There are several ways that polygons can be overlaid to give differing outcomes on the resulting single map. The following diagram (Laurini and Thompson 1992) shows the types of polygon overlay.
Clip, erase and split are self explanatory operations. Identity overlaying produces a combined map that includes all the areas on the primary map and all the areas on the overlay map that are within the area of the primary map. Union overlaying produces a combined map that shows all the areas on both the primary and overlay maps. Intersect overlay produces a combined map showing only the area that is common to both the primary and the overlay maps. In boolean logic identity overlay is the equivalent of 'and/or', union overlay is the equivalent of 'or' and intersect overlay is the equivalent of 'and'.
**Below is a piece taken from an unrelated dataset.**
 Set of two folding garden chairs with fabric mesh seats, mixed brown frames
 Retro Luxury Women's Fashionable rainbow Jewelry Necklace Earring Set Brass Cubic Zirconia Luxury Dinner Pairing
Other forms of overlaying commonly used are point-in-polygon and line-on-polygon. Point-in-polygon searches overlay a polygon on a set of points and the output shows those points contained in the polygon. The 'is contained in' relationship is computed between the points and the polygon. An 'is contained in' relationship is also computed for line on polygon searches. Lines are broken at the boundaries of overlaid polygons and the containing polygon becomes an attribute of the line segment contained in the polygon. These overlays are shown diagrammatically below.
The use of overlaying is illustrated in a study of watershed management and ecological balance in the Berchtesgaden area in southern Germany (Schaller 1994). The process is illustrated in the diagram below.
At the top of the diagram, two maps, geology and site mapping, are overlaid to produce a composite map showing site data. Three maps, altitude, exposure and drainage, are then overlaid on each other to produce another combined map showing topographic data. The two combined maps and two other maps, linear structures and real use type, are then overlaid to produce the final combined map called evaluation geometry. Each overlay process produces what Schaller terms smallest common geometry. These are the smallest polygons that have the same attributes for all the factors in the overlay maps. They are also referred to as smallest common unit or smallest common area.
The size of the smallest common geometry depends on the size of area for which data is available in each map. There are many cases where the data is only available in rather large units that do not necessarily reflect the underlying characteristics of the data. Census data is particularly difficult in this regard because it is published in arbitrarily defined units. The extent to which the smallest common geometry really represents areas with common attributes should be carefully considered in relation to the quality of data in the maps from which they are formed.